On est un peu embêtés, parce que ça prend « plus de temps que prévu » (mais on devrait arrêter de prévoir en fait…) et on a rdv à 12h30 avec Yusuf, qui sera notre hôte à Aşgabat. Yusuf, c’est un pote de Arslan, un ancien collègue de mission de Brice … mais comme il n’est pas au Turkménistan pour le moment, il a missionné son pote de s’occuper de nous (et de nous loger aussi !).
Donc 12h30, toujours personne pour payer, et puis pas de réseau pour appeler bien sûr.
On poireaute une heure et on arrive finalement à payer nos 22$. On retourne voir le monsieur derrière sa petite fenêtre, il nous donne un reçu, et un coup de tampon !
On est au Turkménistan !
Mais on retrouve aussi la quarantaine de femmes (leur nombre a bien eu le temps de grossir entre temps !) qui attendent pour passer leurs « bagages » aux rayons. Et par « bagages », on parle de sacs énooormes d’oreillers, de tapis, des cartons de plantes, de je ne sais quoi.
Juste que c’est énooorme, et qu’on se voit déjà y passer la journée, parce que de l’autre côté des rayons X, tout est scrupuleusement fouillé.

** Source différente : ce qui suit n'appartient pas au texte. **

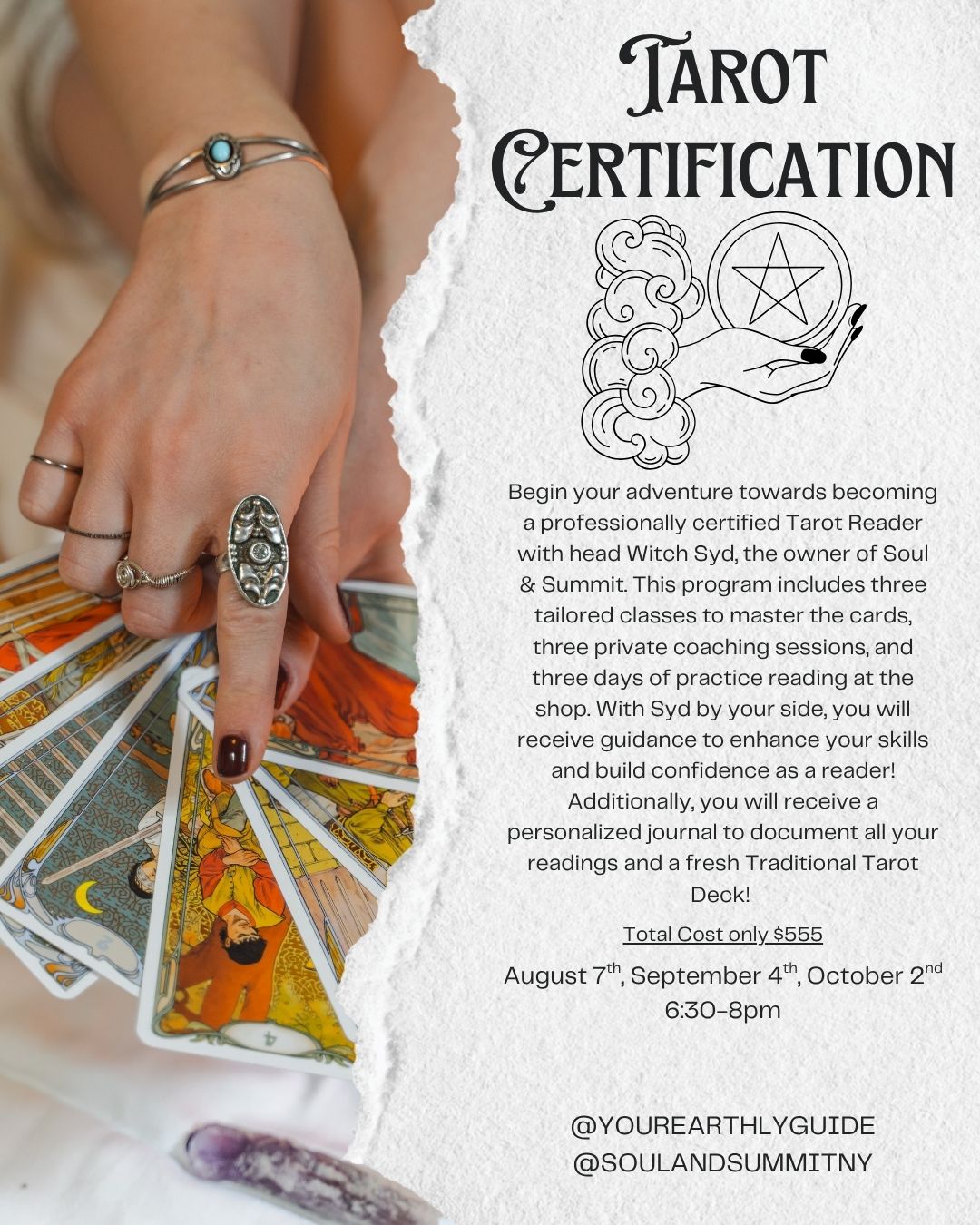 Tarot Certification Course with tailored classes, private coaching, practice readings, personalized journal, and Traditional Tarot Deck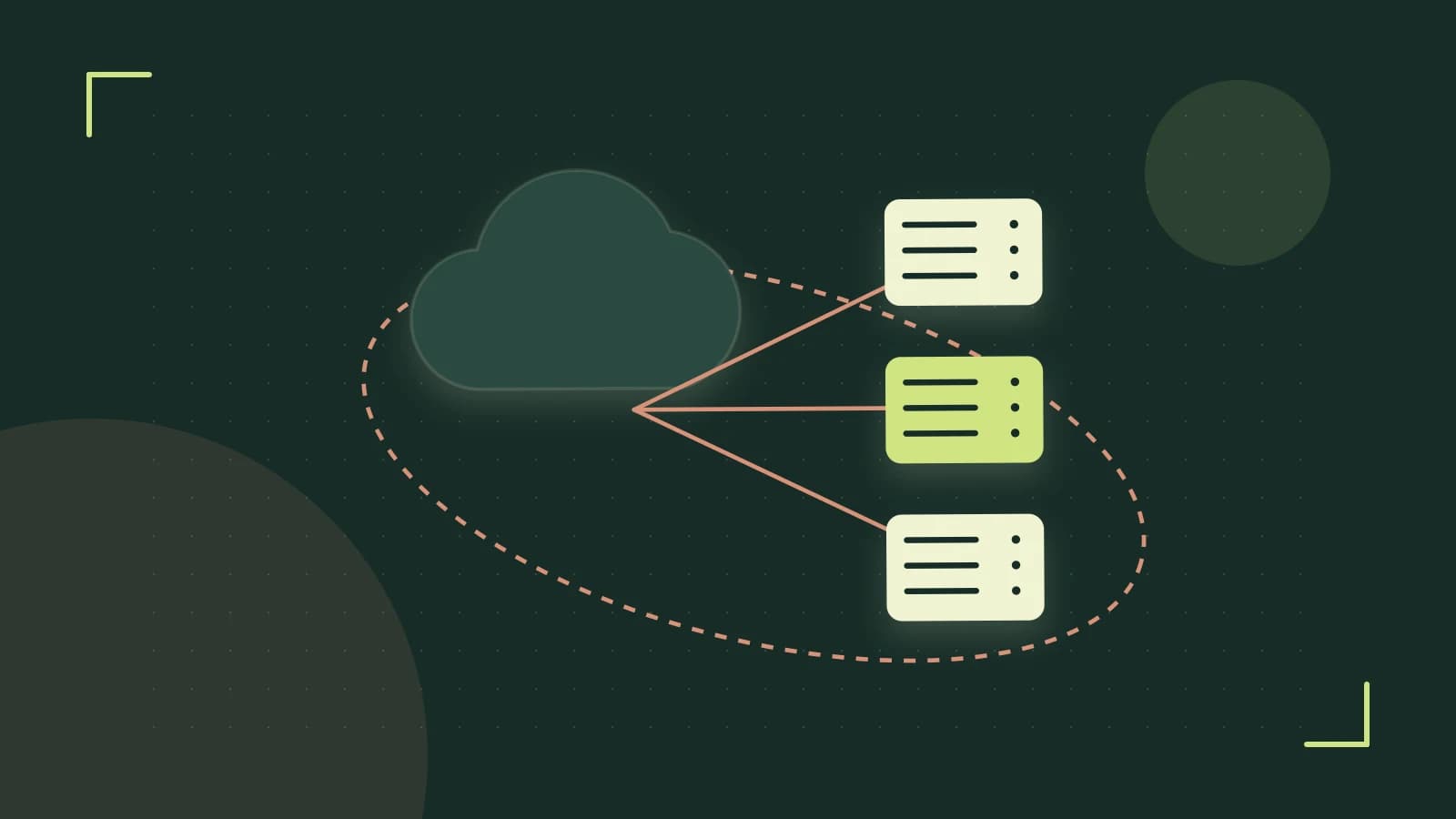 Editorial illustration of cloud infrastructure, connected server racks and an orbital service map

Finalement, on aura le droit de les doubler, et nos sacs ne seront pas fouillés. Juste quelques questions de politesse : « guns ? » « heroin ? » « narcotics ?», le tout dit avec bien sûr, sourire et décontraction !
Il est 13h quand on est de l’autre côté ! 2h pour passer la frontière, c’est correct ! Mais ce qu’on ne savait pas, c’est qu’on attendrait 3h pour prendre un minivan qui descend de la montagne, et dépose les gens 7km plus loin (et qu’on est obligés de prendre).
Parce qu’en fait, il n’y a pas de van, et cette quarantaine de femmes qui passaient la frontière aussi, attendent elles aussi le van.
D’autant plus qu’elles sont du genre coriace, elles se battent et courent après le minivan pour y entrer. Elles s’entassent, entrent par le coffre, et ça crie, ça râle, ça pousse…
On reste donc circonspects devant ce spectacle turkmène, en se disant qu’on attendra le prochain bus.
Pour passer le temps, on papote avec un Turkmène sympa, du pays, etc. Marion a ses cheveux qui reprennent des couleurs après un mois voilée ! Même son cou respire de nouveau !
Finalement le prochain van met 1h à arriver, et à nouveau c’est la cohue…
Bref, 3h plus tard, on arrive à monter dans l’un d’eux.
On s’est quand même retrouvés à 15 dans le van – qu’on a payé deux fois plus cher que les autres… c’est comme ça et pas autrement…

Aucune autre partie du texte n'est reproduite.